RandomForestClassifier Parameters
from sklearn.ensemble import RandomForestClassifier
rf = RandomForestClassifier(
n_estimators=200, # number of trees in the forest
max_depth=None, # let individual trees grow fully
max_features='sqrt', # features considered at each split
oob_score=True, # free validation using out-of-bag samples
n_jobs=-1, # use all CPU cores
random_state=42
)
rf.fit(X_train, y_train)
| Parameter | Effect |
|---|---|
n_estimators | More trees = more stable predictions; diminishing returns after ~200 |
max_features | Fewer features per split = more diverse trees = less correlation |
max_depth | Limits individual tree depth; forests are usually grown fully |
oob_score | Computes OOB accuracy automatically — free, no extra data needed |
n_jobs | -1 = use all CPU cores for parallel tree training |
Feature Subsampling
At each split, the random forest considers only a random subset of features (not all). This is the key difference from plain bagging.
Default: max_features='sqrt' means √(n_features) features per split. For 7 PE file features, that means each split considers ~3 features randomly.
This forces different trees to use different primary splits, producing diverse, uncorrelated trees. The ensemble benefit comes from this diversity — if all trees made the same mistakes, averaging would not help.
Out-of-Bag (OOB) Score
Each tree is trained on a bootstrap sample (~63% of data). The remaining ~37% — the out-of-bag samples — were never seen by that tree.

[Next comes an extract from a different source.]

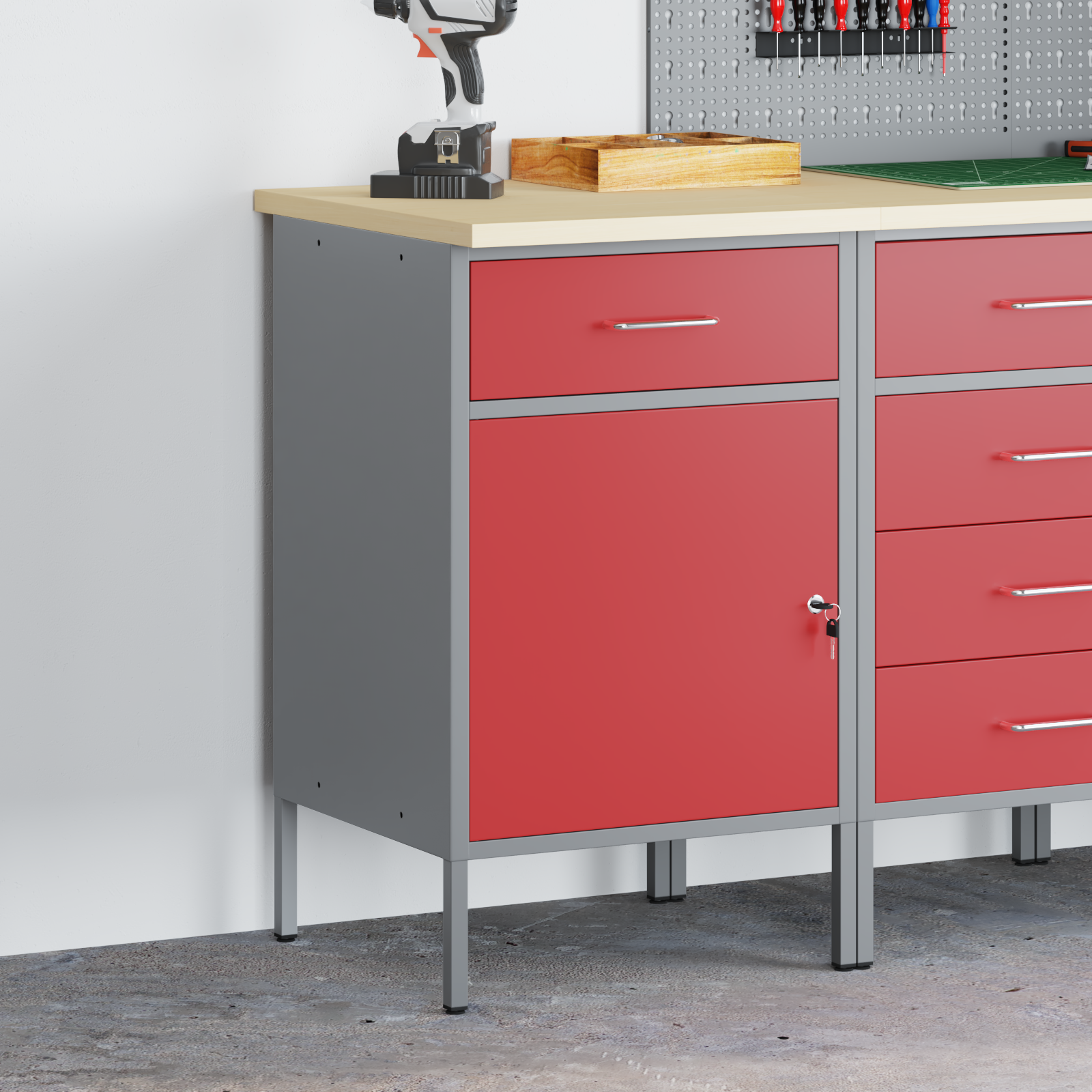 vidaXL Werkbank 50x55x84 cm staal rood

rf = RandomForestClassifier(n_estimators=200, oob_score=True,
random_state=42)
rf.fit(X_train, y_train)
print(f"OOB accuracy: {rf.oob_score_:.3f}")
print(f"Test accuracy: {rf.score(X_test, y_test):.3f}")
# These should be close — both estimate generalisation
OOB accuracy is a free cross-validation estimate. If it closely matches test accuracy, your model is generalising well.
Tree vs Forest Comparison
| Model | Train Acc | Test Acc | Gap |
|---|---|---|---|
| Single tree (no limit) | 1.000 | ~0.891 | 0.109 |
| Random Forest (200 trees) | ~0.999 | ~0.950 | 0.049 |
The forest's test accuracy is significantly higher and its overfitting gap is smaller. The ensemble diversity pays off.
Think Deeper
You train a Random Forest with oob_score=True and get OOB accuracy of 0.94. Your test accuracy is 0.95. What does the close match tell you?